Barcelona fights against the revival of mass tourism


Barcelona city beach

Excerpt from the Guardian

As visitors return following the easing of Covid curbs, talk of diversifying the Spanish town has been drowned out by the sound of crates ringing

“Barcelona is for sale but not to the people who live there,” says Silvia Mateu, who has lived in the beachfront neighborhood of Barceloneta for 47 of her 61 years.

For two years, Barcelona suffered a forced experience caused by the Covid pandemic. The number of visitors, which was close to 30 million, suddenly fell to zero.

For many citizens, the drain was a blessed relief as they rediscovered parts of the city that had been rendered off-limits by mass tourism.

But at the same time, dozens of bars, restaurants and shops closed, sparking a long-overdue debate about the need to diversify the economy.

The city has been successful in attracting startups, especially in tech industries, who view the city on Spain’s Mediterranean coast as a cheaper and more attractive option than Paris or Berlin. However, since the return of tourists at Easter, discussions of diversification have been drowned out by the noise of checkouts.

The hospitality sector, which has suffered more and longer than any other during the pandemic, is understandably delighted. Businesses that have survived the shutdowns are charting a course out of the debt they have incurred. But not everyone is happy.

“We don’t want life to be like during the pandemic, but it also gave us the opportunity to see that there were other possibilities without massive tourism,” says Martí Cusó, who lives in the Gothic Quarter. , the busiest tourist area of ​​the city. .

“My neighborhood is so saturated with tourists that it’s impossible to meet anyone on the street or children playing or even getting a good night’s sleep,” he says. “These two years of pandemic have been tough but it is also a missed opportunity to rethink the city.”
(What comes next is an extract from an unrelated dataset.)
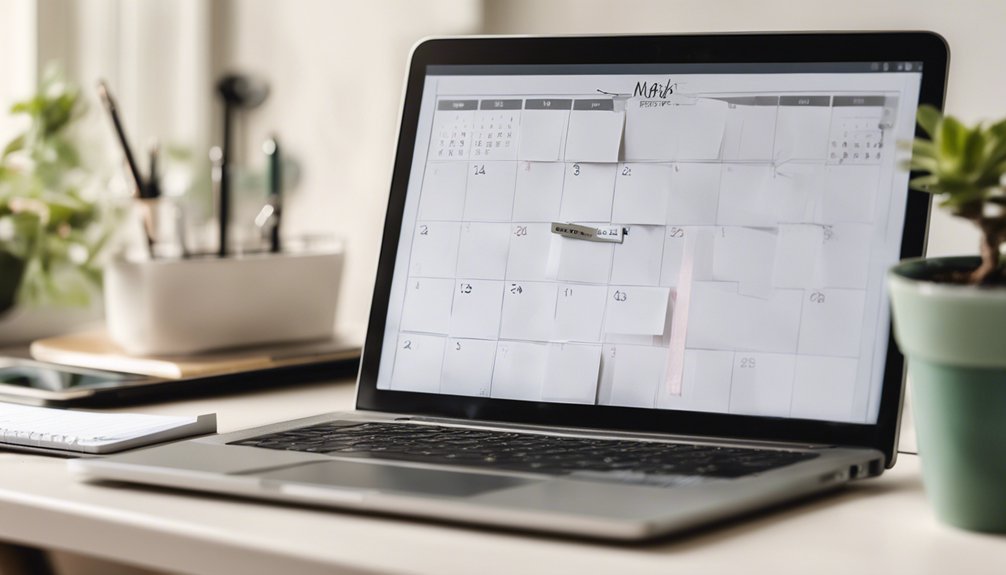 top tools for freelancers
Jordi Rabassa, the councilor for the Ciutat Vella district, which encompasses the Gothic Quarter, agrees.

“We have not done what was necessary to bring about a deep and real change to the economic model,” he recently told the elDiario.es news site.

“I pleaded for a more localized economy, but I swam against the tide. We must work to ensure that the last two years are not just a mirage.

Fermín Villar is president of the Friends of La Rambla, a tree-lined pedestrian street synonymous with mass tourism.

“You can’t fix Barcelona without fixing La Rambla,” he says, pointing out that the majority of shops and bars simply don’t cater to residents. “We can’t tell a bar the price of a beer, but without the cooperation of the private sector, we can’t do much,” he says.